> _PROBLEM STATEMENT_: Because only the text is wanted, repeat the records below exactly and omit the pictures.

+-------+

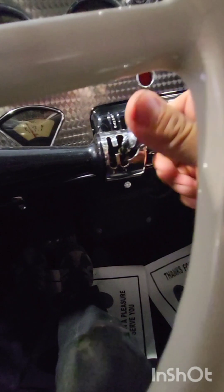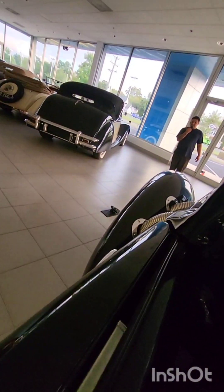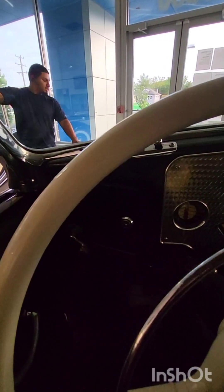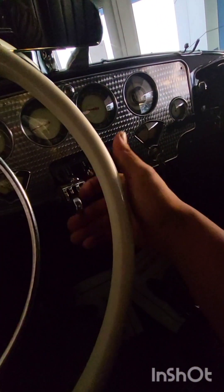Now to get it into first gear, you got to push down. There you go. There you go. Now I'm straightening that out. Is that straight? Yeah, that's good. Go straight? Right there. All right. There we go.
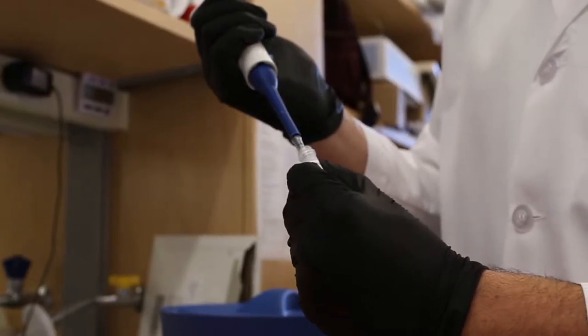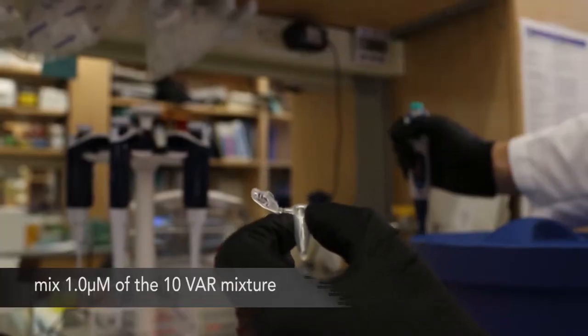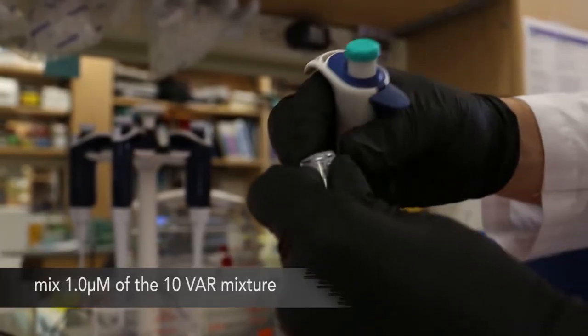Mix the following in a tube: 10.9 microliters of 100 micromolar 109 backbone mix, and 1.0 microliters of the 10-bar mixture.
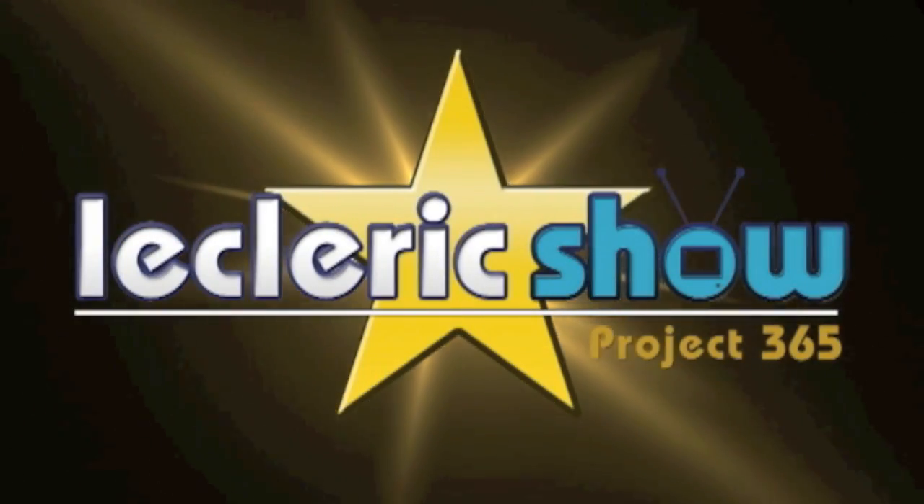Hey, this is Brianna and you're watching The Leclerc Show. Hey guys, what's up? Welcome to The Leclerc Show. Day number 354.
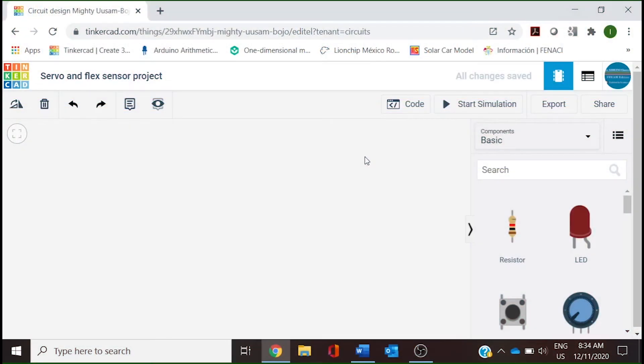Today we are going to be working with a flex sensor and a servo. We are going to use this flex sensor to change the position of a servo. A flex sensor is a plastic stripe with a conductive coating. When the stripe is straight, the coating will be a certain resistance. When the stripe is bent, the particles in the coating get further apart, increasing the resistance.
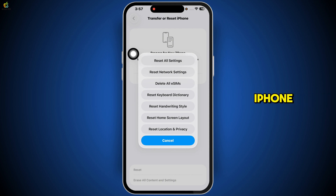Lastly, restart your iPhone. Just turn it off completely and power it back on. A simple restart can often clear out minor glitches that interfere with NFC functionality.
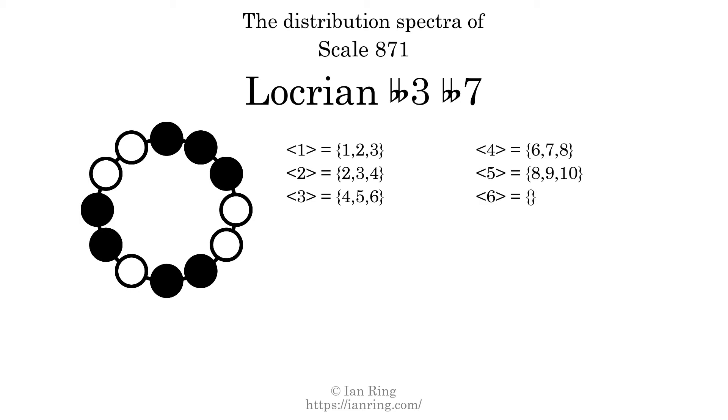And finally, the generic interval of 6 scale steps comes in 3 different specific interval sizes: 9 semitones, 10 semitones, and 11 semitones. The spectrum width of this generic interval is 2. The spectrum variation is the sum of all the widths, divided by the number of tones. The spectrum variation of this scale is 1.714.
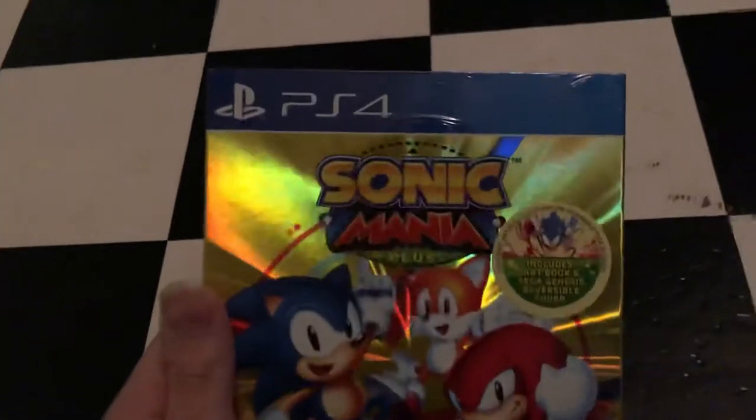Hey everyone, this is SpongebobFnatic1995 and I got another unboxing for you. This time I'm going to be unboxing Sonic Mania Plus for the PlayStation 4.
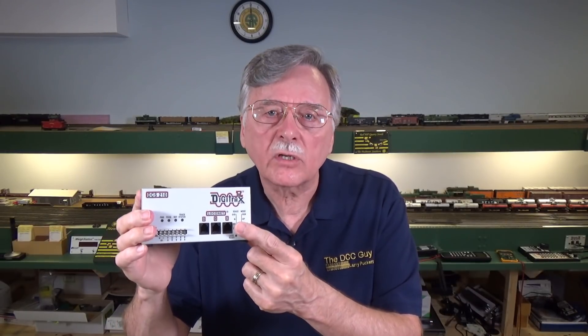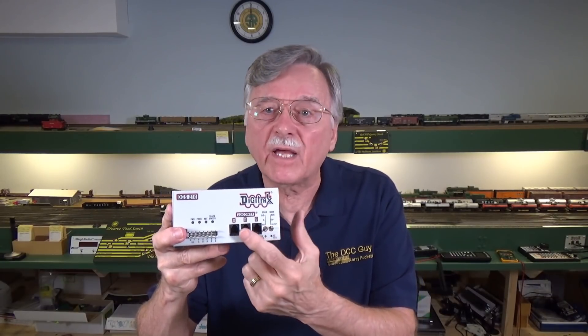Systems like the Digitrax system here allow you to select a range of voltages. With this one, if you put it on HO, the default setting is about 14.7 volts, and it can go from about 14.5 to 18 volts on HO — you can use your throttle to actively change what that voltage is. On the standard NCE systems, they do internally allow you to use a trim pot to adjust the output voltage.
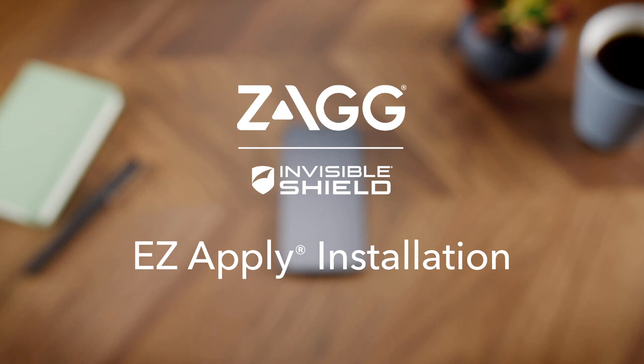Today we'll show you how to install your Zagg Invisible Shield screen protection using our new easy apply installation method.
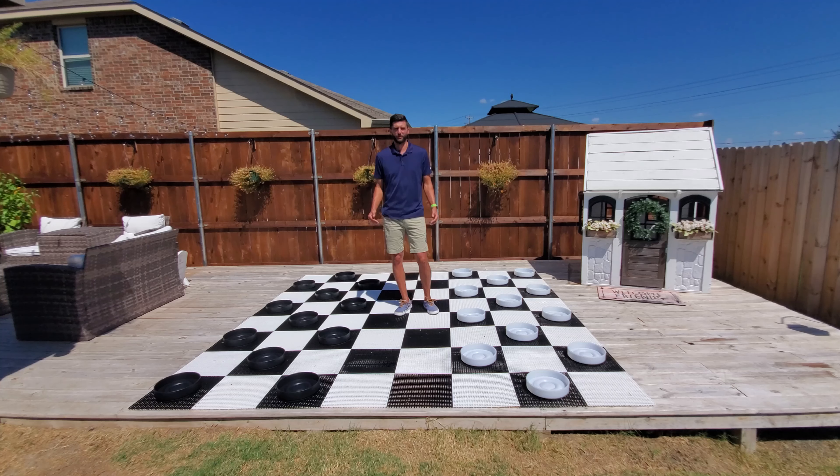If you have any questions about the perfect checkers you see in this video or any of our other checkers, please check out our checker comparison video on our website, or you can always feel free to pick up the phone and give us a call.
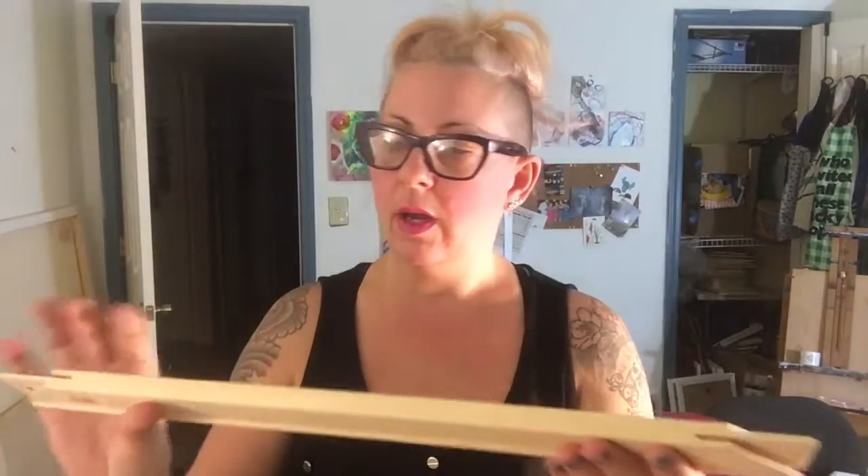Any art store — maybe not Michaels, like a craft store, but a real art store. If you have a Dick Blick near you or something like that, they should have these stretcher bars. These ones are by Art Alternatives. You can get all different kinds from many different brands. I'm sure they're all just fine.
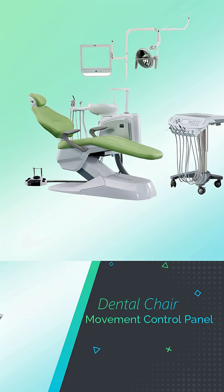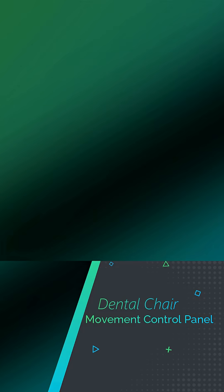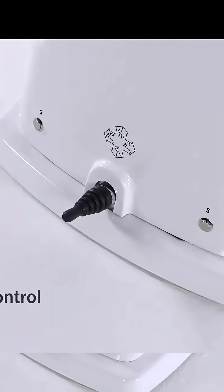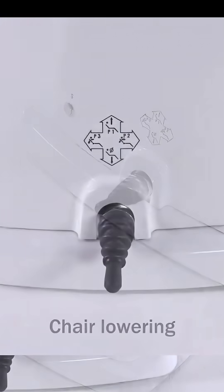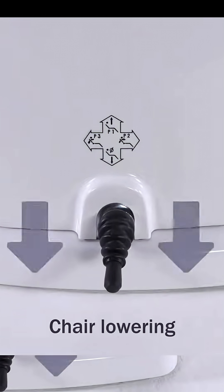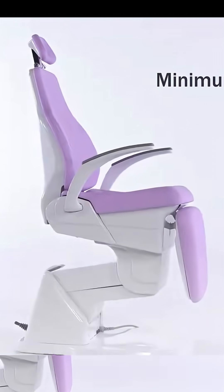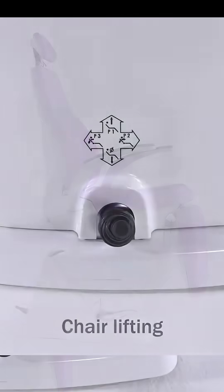The second component is the dental chair movement control panel. Dental chair controls are comprised of control buttons that can move the dental chair upward or downward depending on what is best suited for the clinician. The movements available are: move up, recline to rest, move down, lie down, lift, and raise the seat.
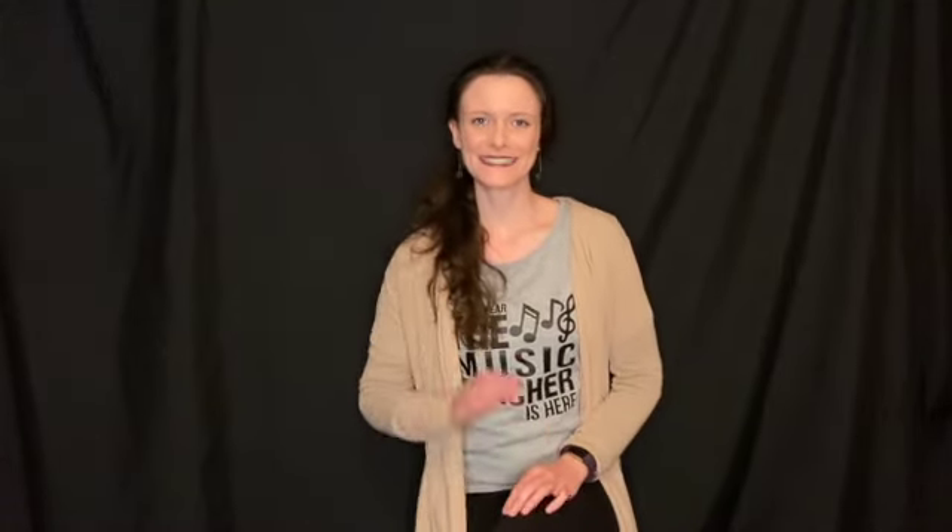Thank you for watching. If you have any suggested pieces I should include in this series, leave them down in the comments below. If you haven't done so already, please hit that subscribe button, and I look forward to seeing all you lovely people in the next video. See ya!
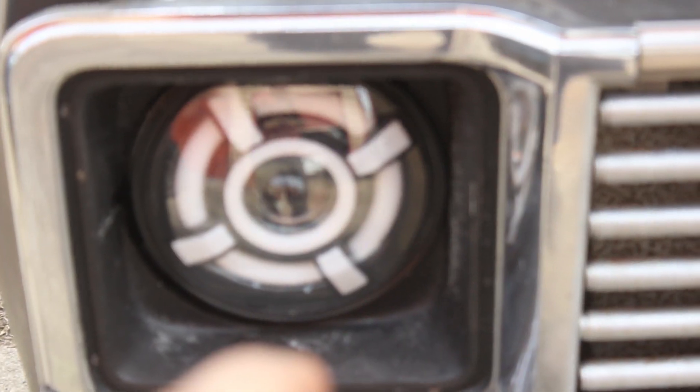We put the headlight bezels back on, so that looks great — it looks like a proper truck now and not a Frankentruck.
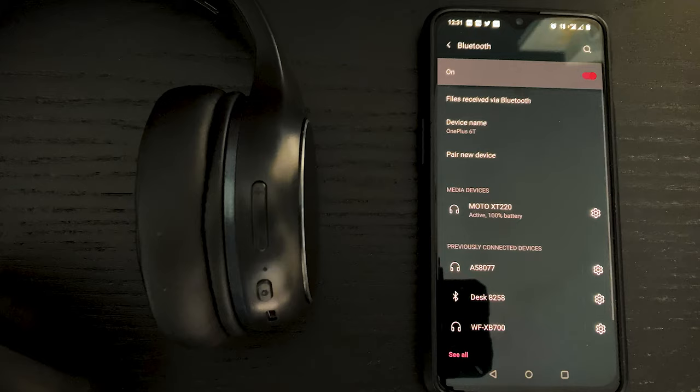With a full charge, it gives 24 hours of playtime. The sound quality is also good — it comes with powerful 40mm drivers which deliver dynamic sound with powerful bass.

+-------+

> _RESULT FOR THIS EXERCISE_:
Now to get it into first gear, you got to push down. There you go. There you go. Now I'm straightening that out. Is that straight? Yeah, that's good. Go straight? Right there. All right. There we go.
Mix the following in a tube: 10.9 microliters of 100 micromolar 109 backbone mix, and 1.0 microliters of the 10-bar mixture.
Hey, this is Brianna and you're watching The Leclerc Show. Hey guys, what's up? Welcome to The Leclerc Show. Day number 354.
Today we are going to be working with a flex sensor and a servo. We are going to use this flex sensor to change the position of a servo. A flex sensor is a plastic stripe with a conductive coating. When the stripe is straight, the coating will be a certain resistance. When the stripe is bent, the particles in the coating get further apart, increasing the resistance.
Lastly, restart your iPhone. Just turn it off completely and power it back on. A simple restart can often clear out minor glitches that interfere with NFC functionality.
And finally, the generic interval of 6 scale steps comes in 3 different specific interval sizes: 9 semitones, 10 semitones, and 11 semitones. The spectrum width of this generic interval is 2. The spectrum variation is the sum of all the widths, divided by the number of tones. The spectrum variation of this scale is 1.714.
Hey everyone, this is SpongebobFnatic1995 and I got another unboxing for you. This time I'm going to be unboxing Sonic Mania Plus for the PlayStation 4.
Systems like the Digitrax system here allow you to select a range of voltages. With this one, if you put it on HO, the default setting is about 14.7 volts, and it can go from about 14.5 to 18 volts on HO — you can use your throttle to actively change what that voltage is. On the standard NCE systems, they do internally allow you to use a trim pot to adjust the output voltage.
Today we'll show you how to install your Zagg Invisible Shield screen protection using our new easy apply installation method.
If you have any questions about the perfect checkers you see in this video or any of our other checkers, please check out our checker comparison video on our website, or you can always feel free to pick up the phone and give us a call.
Any art store — maybe not Michaels, like a craft store, but a real art store. If you have a Dick Blick near you or something like that, they should have these stretcher bars. These ones are by Art Alternatives. You can get all different kinds from many different brands. I'm sure they're all just fine.
The second component is the dental chair movement control panel. Dental chair controls are comprised of control buttons that can move the dental chair upward or downward depending on what is best suited for the clinician. The movements available are: move up, recline to rest, move down, lie down, lift, and raise the seat.
Thank you for watching. If you have any suggested pieces I should include in this series, leave them down in the comments below. If you haven't done so already, please hit that subscribe button, and I look forward to seeing all you lovely people in the next video. See ya!
We put the headlight bezels back on, so that looks great — it looks like a proper truck now and not a Frankentruck.
With a full charge, it gives 24 hours of playtime. The sound quality is also good — it comes with powerful 40mm drivers which deliver dynamic sound with powerful bass.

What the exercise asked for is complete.